The deeper, wider arguments, about the distinction between nature and behaviour, between being and doing, are dealt with largely in my book 'The Cameron Delusion', which contains an interesting quotation from the works of one Matthew Parris about the extent to which homosexual behaviour is predetermined.
Mr Parris wrote in 'The Times' of 6th August 2006, 'I think sexuality is a supple as well as subtle thing, and can sometimes be influenced, even promoted; I think that in some people some drives can be discouraged and others encouraged; I think some people can choose.' My thoughts on this can be found on and around page 120 of the book.
Dr Thomas Writes
I'd also like to respond to a couple of other recent postings, whose thoughtfulness demands an answer, and is a refreshing change from yelling and misrepresentation.
The first is from Sean Thomas, who wrote before Christmas (but on a dying thread) as follows.
I've inserted some comments, marked with asterisks thus **
'I’m pleased Mr Hitchens has taken the time to consider my comments. Indeed, I really didn’t expect it. But I appreciate his willingness to engage. Likewise for all other posters (though I can’t engage with all issues for sake of time and economy). First of all, I would like to offer some clarifications, along with some rather honest (and rather shamefaced) apologies. Then I would like to provide some further details about my position on the issue of drugs. I hope I can match the succinct quality I admire in his writing (I doubt I will though).
'I have a PhD in law, and I am currently a Lecturer in Commercial Law at the University of Leicester. The reason I used my title is that I am happy to make my comments in my capacity as a professional academic lawyer (and I agree with Mr Hitchens’s distaste for the prevalence of (essentially) anonymous posting). I could say: ‘Google me Peter!’ But I have the (mis)fortune to share a name with an author who once won the Bad Sex in Fiction award, so looking for ‘Sean Thomas’ on the internet can lead to amusing mistakes of identity. As my job title indicates, my speciality is commercial law, not drugs. Nevertheless, I have a longstanding teaching interest in criminal law, and my research often covers areas of property crimes, so I like to think my interest in this issue is more than that of the “interested observer”. In particular I am interested in lay (as opposed to legal) conceptions of the “moral” in criminal law and policy.
'On to the apologies: I used the term ‘hypocrisy’ in relation to Mr Hitchens’s commentary that (essentially) the pro-drug side are shrill and closed-minded in relation to the position held by Mr Hitchens. I felt that his reaction was as bad, and I thought this looked like hypocrisy. I agree it was a loose use of the term (certainly I was not implying that he was perhaps a Howard Marks in his private life: if this was what was inferred I apologise).’
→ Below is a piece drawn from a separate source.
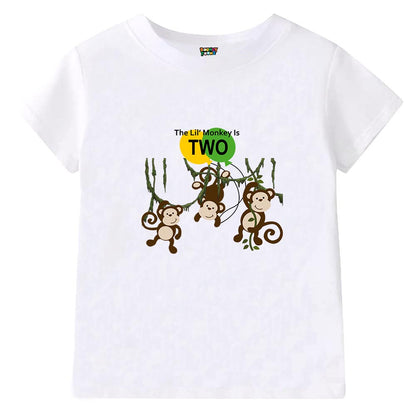 Lil Monkey Theme Age Name Customized TShirt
** I'm grateful for that.**
'I can see now that I perhaps should have considered my language. As for straw man – we all know this is the style of argumentation whereby a real problem is expanded to unreal levels.’
**Is it? I thought it was to misrepresent an opponent's position, to refute, or appear to refute, the misrepresented position and so to claim to have won the argument, while having in fact sidestepped it.**
'Thus I think that the claim that because some people suffer badly from drug consumption, that all drug consumption is bad, is a species of the straw man argument.'
**Whereas I would say that this formulation is in fact a misrepresentation of my position. In my view self-stupefaction is self-evidently morally wrong, in almost all cases opens to the stupefier to criminal or negligent acts which he would otherwise avoid, and ought to be repugnant to any morally literate person. Its consequences are frequently disastrous to the self-stupefier himself and to those around him. Therefore, where morality fails (as it has on this issue for half a century) the law must step in. That is rather different from 'because some people suffer badly from drug consumption, that all drug consumption is bad', a crude oversimplification.**
‘For now, I shall move on from that as I discuss it later in a bit more depth. So yes, the doc does disagree with you, and I should have come out and said it clearly.
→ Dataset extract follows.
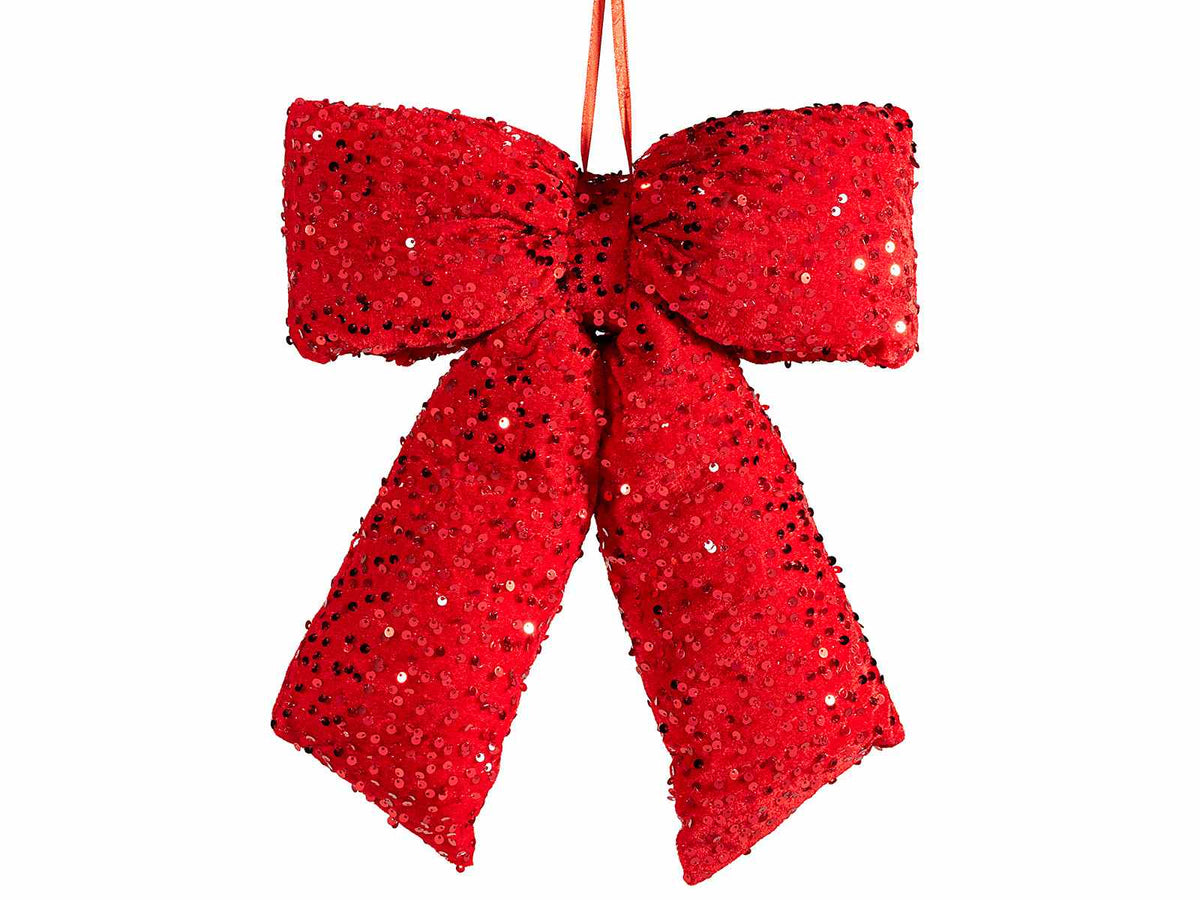 Set di 2 fiocchi in velluto rosso con paillettes, 32x40 cm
**Once again, thank you.**
‘You claimed that the argument that self-stupefaction is not a private matter and that it has effects on people other than the individual drug-taker. I take issue with the first claim, that it is not a private matter. I have some problems with the second claim, that it impacts on others.
'For the first claim (that self-intoxication is not a private matter): Taken in the abstract, there is no moral reason why we should prevent other people doing things to their own body, even if we disagree with those things done. If it is not our body, it is not our choice. Only the individual concerned has that right. This is very much a personal opinion, but it derives primarily from the work of the great legal philosopher HLA Hart (for which, I think his rebuttal in his book “Law, Liberty and Morality”, to Lord Devlin’s claim that morality and law are necessarily linked, was successful).’
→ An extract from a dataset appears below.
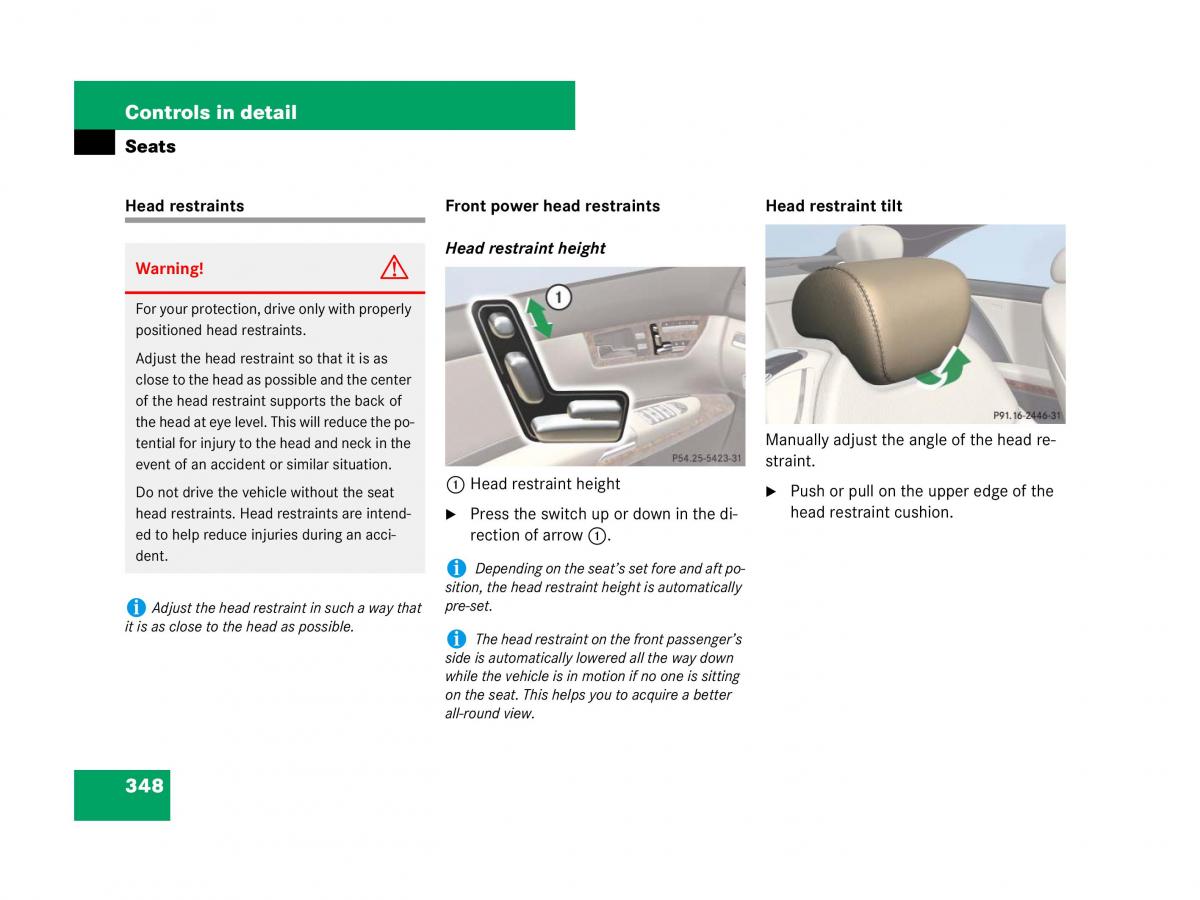 Mercedes Benz CL C216 owners manual / page 349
**Hart's view was the more *fashionable*, and the one most acceptable to his time and to academic lawyers of his and subsequent generations. I do not think that makes it definitively correct. Hart himself seems to me to have been one of the early apostles of the permissive society, not only in his own life but in what he promoted. He cannot really be a court of appeal, or considered an unbiased oracle.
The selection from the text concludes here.